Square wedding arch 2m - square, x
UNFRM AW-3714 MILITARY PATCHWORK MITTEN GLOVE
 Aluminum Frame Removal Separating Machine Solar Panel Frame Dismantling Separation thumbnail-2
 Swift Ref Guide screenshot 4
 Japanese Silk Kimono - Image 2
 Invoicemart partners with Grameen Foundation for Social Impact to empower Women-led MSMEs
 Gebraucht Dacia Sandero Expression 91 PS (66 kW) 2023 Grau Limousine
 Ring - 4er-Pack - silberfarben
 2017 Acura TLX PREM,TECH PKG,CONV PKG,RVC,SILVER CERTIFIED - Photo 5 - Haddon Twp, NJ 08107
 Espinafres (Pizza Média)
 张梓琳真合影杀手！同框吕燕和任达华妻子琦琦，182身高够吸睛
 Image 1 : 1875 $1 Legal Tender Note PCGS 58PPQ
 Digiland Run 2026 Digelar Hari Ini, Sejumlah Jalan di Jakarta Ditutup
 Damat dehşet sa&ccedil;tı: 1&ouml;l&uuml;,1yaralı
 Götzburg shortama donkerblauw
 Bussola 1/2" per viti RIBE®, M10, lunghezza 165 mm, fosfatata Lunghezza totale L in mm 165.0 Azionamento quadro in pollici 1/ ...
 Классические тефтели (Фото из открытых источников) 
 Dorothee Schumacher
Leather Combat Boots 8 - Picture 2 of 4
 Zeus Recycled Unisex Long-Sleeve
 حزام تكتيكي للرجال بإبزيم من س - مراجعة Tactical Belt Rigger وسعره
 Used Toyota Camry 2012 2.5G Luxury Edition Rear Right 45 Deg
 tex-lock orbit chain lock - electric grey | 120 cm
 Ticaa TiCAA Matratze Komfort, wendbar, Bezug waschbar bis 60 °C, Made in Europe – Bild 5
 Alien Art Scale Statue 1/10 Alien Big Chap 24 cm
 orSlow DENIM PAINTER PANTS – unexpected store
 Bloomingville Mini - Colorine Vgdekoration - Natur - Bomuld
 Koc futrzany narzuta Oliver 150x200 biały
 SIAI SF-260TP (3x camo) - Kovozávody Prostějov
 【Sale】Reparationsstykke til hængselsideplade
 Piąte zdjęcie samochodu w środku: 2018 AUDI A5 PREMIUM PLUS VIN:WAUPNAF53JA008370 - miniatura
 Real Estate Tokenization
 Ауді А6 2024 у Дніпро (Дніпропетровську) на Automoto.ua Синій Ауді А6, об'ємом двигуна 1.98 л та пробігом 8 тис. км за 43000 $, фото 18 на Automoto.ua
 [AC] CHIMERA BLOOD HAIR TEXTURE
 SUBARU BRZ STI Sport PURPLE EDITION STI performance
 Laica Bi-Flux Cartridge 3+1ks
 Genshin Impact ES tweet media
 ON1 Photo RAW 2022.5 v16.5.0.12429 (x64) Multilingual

===

→ **ABOUT THIS EXERCISE**: Repeat every record exactly, so that nothing is lost or altered.

→ **SOLUTION**:
Square wedding arch 2m - square, x
UNFRM AW-3714 MILITARY PATCHWORK MITTEN GLOVE
 Aluminum Frame Removal Separating Machine Solar Panel Frame Dismantling Separation thumbnail-2
 Swift Ref Guide screenshot 4
 Japanese Silk Kimono - Image 2
 Invoicemart partners with Grameen Foundation for Social Impact to empower Women-led MSMEs
 Gebraucht Dacia Sandero Expression 91 PS (66 kW) 2023 Grau Limousine
 Ring - 4er-Pack - silberfarben
 2017 Acura TLX PREM,TECH PKG,CONV PKG,RVC,SILVER CERTIFIED - Photo 5 - Haddon Twp, NJ 08107
 Espinafres (Pizza Média)
 张梓琳真合影杀手！同框吕燕和任达华妻子琦琦，182身高够吸睛
 Image 1 : 1875 $1 Legal Tender Note PCGS 58PPQ
 Digiland Run 2026 Digelar Hari Ini, Sejumlah Jalan di Jakarta Ditutup
 Damat dehşet sa&ccedil;tı: 1&ouml;l&uuml;,1yaralı
 Götzburg shortama donkerblauw
 Bussola 1/2" per viti RIBE®, M10, lunghezza 165 mm, fosfatata Lunghezza totale L in mm 165.0 Azionamento quadro in pollici 1/ ...
 Классические тефтели (Фото из открытых источников) 
 Dorothee Schumacher
Leather Combat Boots 8 - Picture 2 of 4
 Zeus Recycled Unisex Long-Sleeve
 حزام تكتيكي للرجال بإبزيم من س - مراجعة Tactical Belt Rigger وسعره
 Used Toyota Camry 2012 2.5G Luxury Edition Rear Right 45 Deg
 tex-lock orbit chain lock - electric grey | 120 cm
 Ticaa TiCAA Matratze Komfort, wendbar, Bezug waschbar bis 60 °C, Made in Europe – Bild 5
 Alien Art Scale Statue 1/10 Alien Big Chap 24 cm
 orSlow DENIM PAINTER PANTS – unexpected store
 Bloomingville Mini - Colorine Vgdekoration - Natur - Bomuld
 Koc futrzany narzuta Oliver 150x200 biały
 SIAI SF-260TP (3x camo) - Kovozávody Prostějov
 【Sale】Reparationsstykke til hængselsideplade
 Piąte zdjęcie samochodu w środku: 2018 AUDI A5 PREMIUM PLUS VIN:WAUPNAF53JA008370 - miniatura
 Real Estate Tokenization
 Ауді А6 2024 у Дніпро (Дніпропетровську) на Automoto.ua Синій Ауді А6, об'ємом двигуна 1.98 л та пробігом 8 тис. км за 43000 $, фото 18 на Automoto.ua
 [AC] CHIMERA BLOOD HAIR TEXTURE
 SUBARU BRZ STI Sport PURPLE EDITION STI performance
 Laica Bi-Flux Cartridge 3+1ks
 Genshin Impact ES tweet media
 ON1 Photo RAW 2022.5 v16.5.0.12429 (x64) Multilingual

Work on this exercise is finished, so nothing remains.